--- START ---
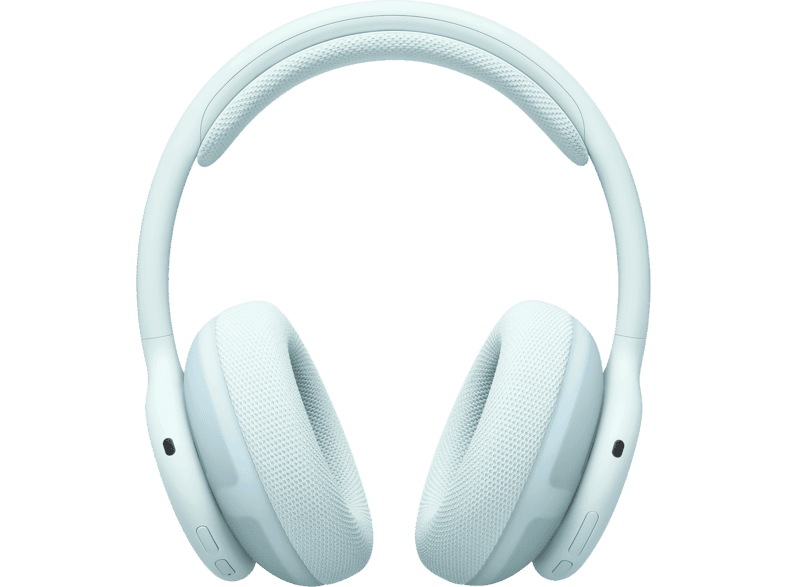 Beats 360 Over-ear Koptelefoon Sky - Performance Kussens Van Hoogwaardig Gebreid Textiel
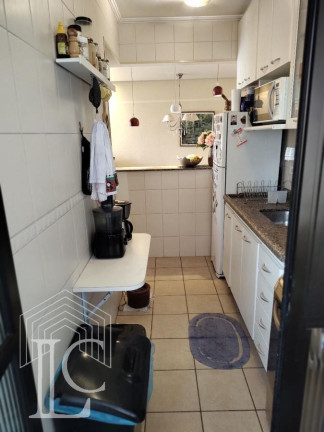 Imagem Apartamento com 2 Quartos à Venda, 55 m² em Saúde - São Paulo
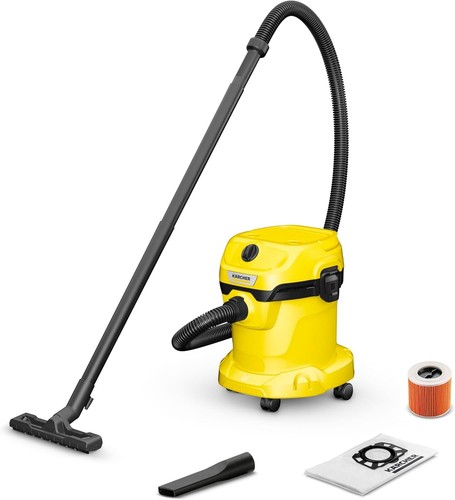 Karcher plus wet and dry - plus,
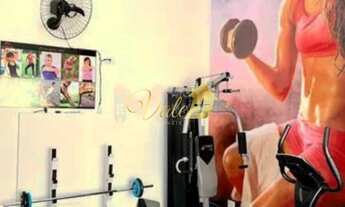 Imagem 7: APARTAMENTO RESIDENCIAL em SÃO JOSÉ DOS CAMPOS - SP, VILA ADYANA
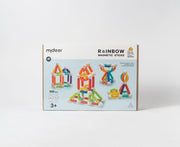 Rainbow Magnetic Sticks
--- END ---
From the data above, write out everything exactly except the pictures.

◆ Answer to this problem:
 Beats 360 Over-ear Koptelefoon Sky - Performance Kussens Van Hoogwaardig Gebreid Textiel
 Imagem Apartamento com 2 Quartos à Venda, 55 m² em Saúde - São Paulo
 Karcher plus wet and dry - plus,
 Imagem 7: APARTAMENTO RESIDENCIAL em SÃO JOSÉ DOS CAMPOS - SP, VILA ADYANA
 Rainbow Magnetic Sticks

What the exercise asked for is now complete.